Estavam envolvidas, as duas multidões, na luta dos trabalhadores, artesãos, pastores, diaristas, comerciantes, assalariados, ceifadores, safristas: “Eis que o salário que sonegastes dos trabalhadores que ceifaram vossos campos alcançam os ouvidos do Senhor” (Tiago 5,4). Sem terras, trabalhadores, gemem, enquanto sujeitos aos senhores da economia agrícola e pecuária desse tempo. O mendigo come com os cães, disputando um lugar próximo da mesa do rico (Lucas 16,16 ss); chicaneiros, cobradores comissionados (sistema bancário), extorquem a população constantemente sujeita a empréstimos, impostos, juros, injustificáveis (Lucas 19.8; 3.14); juízes mandam confiscar bens de famílias emprobrecidas que não podem pagar o que o Estado cobra (Hebreus 10.34).
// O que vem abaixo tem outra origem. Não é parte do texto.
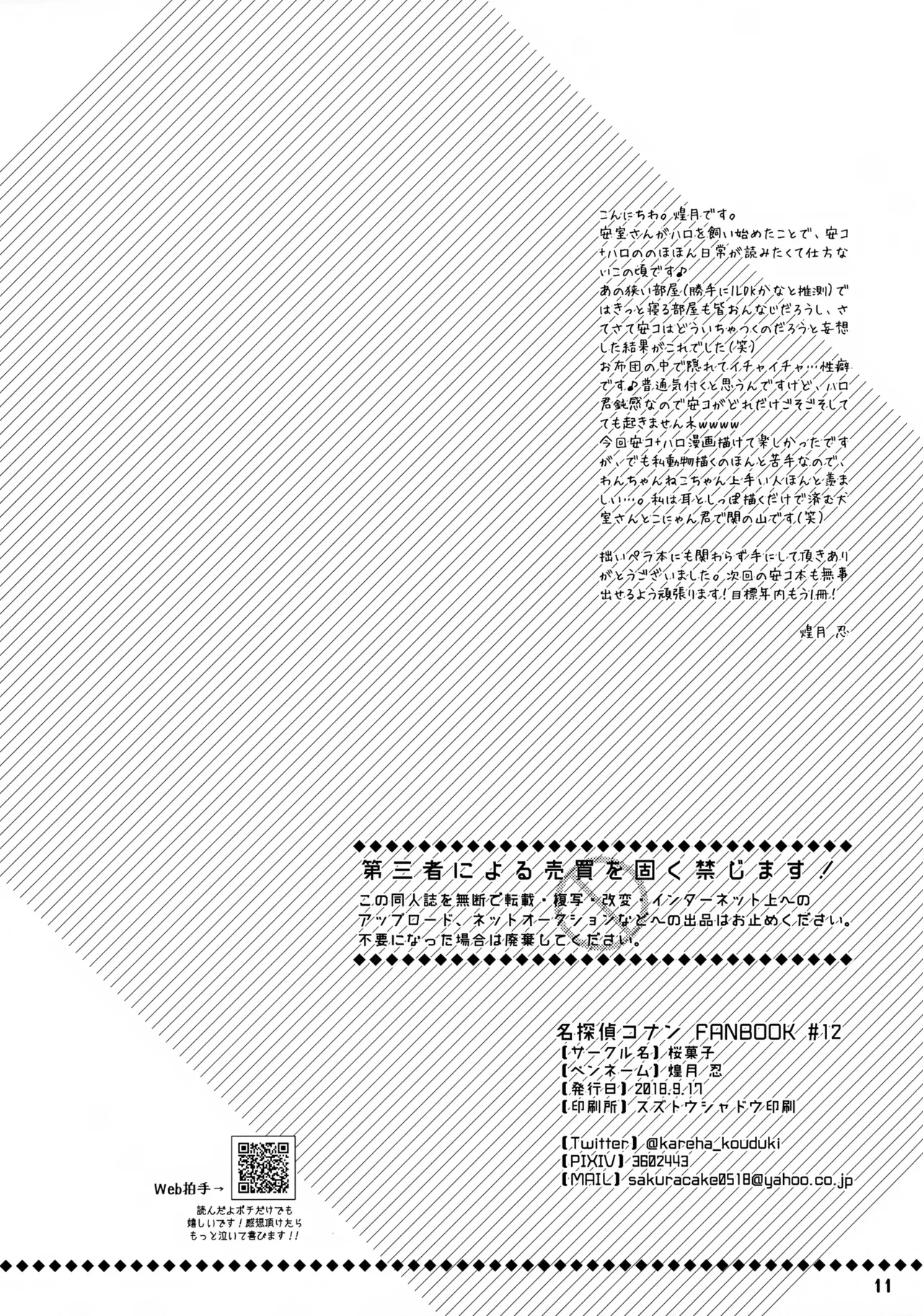 หน้า 11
A população pobre sofre boicote econômico, obrigada a racionamentos de produtos essenciais, quando a autoridade imperial manda impedir que pais de família “não comprem e não vendam”, a não ser o que o Estado permite (Apocalipse 13.17). Enquanto isso, a atividade religiosa, sob abusos apoiados em regulamentos religiosos, escorcha os fiéis, obrigando-os ao dízimo compulsório, pela ameaça de exclusão e anatemização. Intérpretes da Bíblia do momento, escribas, são acusados de “devorar os lares das viúvas e fazer longas orações consagratórias das ofertas compulsórias” (Marcos 12.40).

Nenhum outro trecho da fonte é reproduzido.